Just found all of that hysteria about the ‘fear inducing’ Hadley house to be distracting. Seance & its consequences could still have effectively occurred without all that frenzy about an evil site. Really wasn’t sure why that was included at all.

Meg R., I’m glad you agree with me about the Hadley House being unfairly blamed for so much of the bad things that have happened in Three Pines. However, I think the reason Penny “allowed” the villagers to get all hysterical about the Hadley House is that in effect, the house, and the outcomes of the seances held there, serve as a RED HERRING. A tried and true plot device of many a mystery writer, including the grand dame herself, Agatha Christie. By making the readers look at the house and not at who the probable murderer of Madeline was, she keeps us from guessing who that person is and deciding we don’t need to read any further, ’cause we have solved the mystery!

Yes, I get ‘red herring’ employment, but there are so many others in this story that I felt that Ms. Penny was really asking us to stretch our beliefs well beyond the believable when characters who have managed to keep their heads & think straight in the two prior books don’t at the beginning third of this one. For instance, Gamache has been inside of that house in “A Fatal Grace” — after falling down the cellar steps and being injured in “A Still Life.” He entered it tentatively at first when he went to speak with Richard Lyon and Crie. He noticed that it was just a tired old house that hadn’t been updated. He went back two or more times after that to speak with Lyon and to check on Crie. Absolutely no reluctance on Armand’s part about entering it. Then in this book, we have both Armand and Jean-Guy doing internal tremors about the horrors of this house, Their past actions and behaviors didn’t merit recent reactions. Just felt like they were added to increase hysterical reactions to the Hadley house. L. Penny’s reading of poem that Jeanne C. recites about a ‘witch’ tends to reinforce that ‘witch-hunt’ mentality. I’m just saying that – for me- that part of this novel just didn’t ring true. That’s all. Have made a couple of interesting discoveries though, Have to unpack my book as they’re inserted in it. (Wonderful weekend seeing smiling new great-nephew who’s just learned to chirp & crawl!)
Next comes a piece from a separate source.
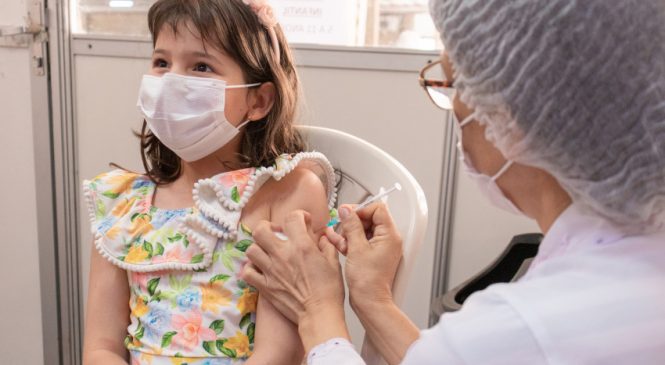 Especialista alerta para a baixa cobertura vacinal infantil contra a Covid-19 em Maceió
As a child I lived with my family near a trailer home where a young father murdere his wife and then committed suicide. The wife’s family had the trailer cleaned and then took it several states away and sold it. My father’s job caused us to have to move fairly often and over the course of several years we came across the trailer several times. Each time in a trailer sales lot. I remember my father talking to one trailer sales manager who told him that the trailer appeared to have been sold many times. Once people purchased the trailer they would only keep it a short while, then resell it because they felt uncomfortable. Was it haunted? I don’t think so, but I do think that awful feelings can remain where horrible deeds have happened.
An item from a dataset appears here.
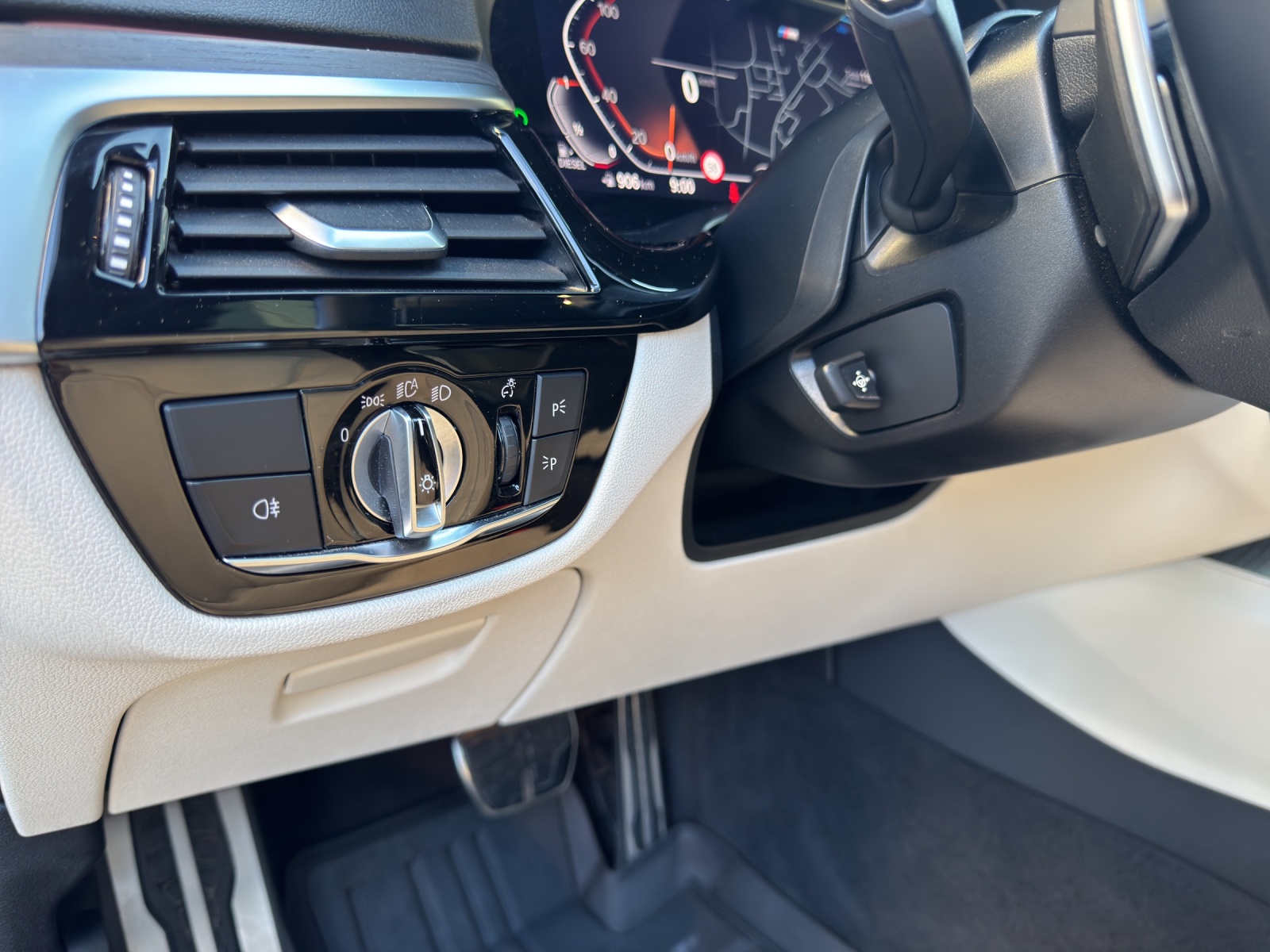 BMW 5er Reihe Touring 520d xDrive M-SPORTPAKET-image-14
There’s also an important message here that I think is being overlooked. Some of the ones most frightened have a legitimate reason for being fearful of the house.

Clara (and Peter) had been misled by Ben into believing there were snakes in the basement. Then Ben dragged Clara there to attempt murder. There in a dark eerie basement Clara was the target of a murderer, Gamache was almost killed in the same dark basement, as was Peter. When the lights came on, Clara was surprised that the basement was actually clean, no snakes. She, and others, held on to the horrible feelings from that awful incident. It wouldn’t be uncommon or mystical in any way to be afraid of the place where you almost died. It’s very difficult to let go of the feelings of fear and vulnerability.

While some may have been overreacting, perhaps being fearful because they over sympathized with the real victims, others (Clara and ultimately Gamache) seemed to be trying to face and overcome their residual fears.

It did make for a great red herring. Effective because as we all know, just because people say you’re paranoid doesn’t mean there isn’t someone really out to get you.

The house didn’t kill anyone, but LP seems to like to emulate a different type of mystery novel in each book, i.e., “locked room” mystery, stately home mystery, etc. This seems to be the one that has a “scary house” theme, among other things.